Yes, I was having a judgmental morning. With every other human that exited the club, I thought "Oh, I hope I don't get them in my cab." It didn't help that a very haggard-looking guy in pinkish sweatpants was milling about outside, who kept getting into altercations and mini chases with the doormen and who had now pulled down his sweatpants and was whirling around his penis at the doormen. I guess that's how he expressed his contempt.
I was lucky in that all the fares I ended up with were, in my estimation, respectable intoxicated beings and didn't make me too uneasy: a guy with an Eastern European accent who didn't talk at all, a girl who recounted her entire night to a friend on the phone, three Thai kids on Ecstasy who asked me how old I was and told me that I was "so cool." Then there was the guy with whom I had a conversation abut the very thing I had been contemplating all morning: being the critical sober observer. He had been there himself, even if this morning he was neither observing nor sober.
Around 11 I had my first non-End Up fare, and that marked the end of the intoxicated humans and the beginning of the humans just going about their holiday. When I was sitting and knitting at the taxi stand at the Marriott, two guys who were cute in a geeky way and reminded me of Harold and Kumar stood outside my window and stared at me with curiosity. I rolled down the window and said "Yes?" I wasn't next in line yet, hence the hesitation. "Can you take us somewhere?" Looking at the three cabs in line in front of me, I said sure, justifying it with the fact that they had chosen me as their Memorial Day cab driver, and who was I to deny two cute geeky boys their Memorial Day wish?
"So what are you knitting?" one of them asked as they slid into the backseat. I folded the knitted rectangle around my hand and said "Fingerless gloves. See?" "Ah."
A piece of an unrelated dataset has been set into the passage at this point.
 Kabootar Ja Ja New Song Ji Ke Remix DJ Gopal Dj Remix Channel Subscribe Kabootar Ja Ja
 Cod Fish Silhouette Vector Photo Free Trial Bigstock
Later, at Gough and Market, a beggar stood on the corner with a cardboard sign. His long hair and Native American looks tugged at my heart. I rolled down the window. He, sensing motion in his peripheral vision, looked my way and then walked over to collect the dollar bill I was holding up. He thanked me, blessed me and smiled, exposing a swollen lower lip. When he was back at his corner and after I had rolled up my window, we glanced at each other one more time, both smiled shyly and quickly looked away again. Now that was a memorable moment.
2 Comments:
Sounds like quite the eventful day. That was really nice of you to give that man some money. Some people just get angry and start yelling at them, I hate that. We were at Superstore and this man just starts yelling at this poor guy who was just waiting for people to abandon carts because the carts have dollars in them, and I wanted to yell at the guy who was yelling at him. It's not like he was hurting anybody!
I am slowly getting to love your entries. I like your way of looking at the world.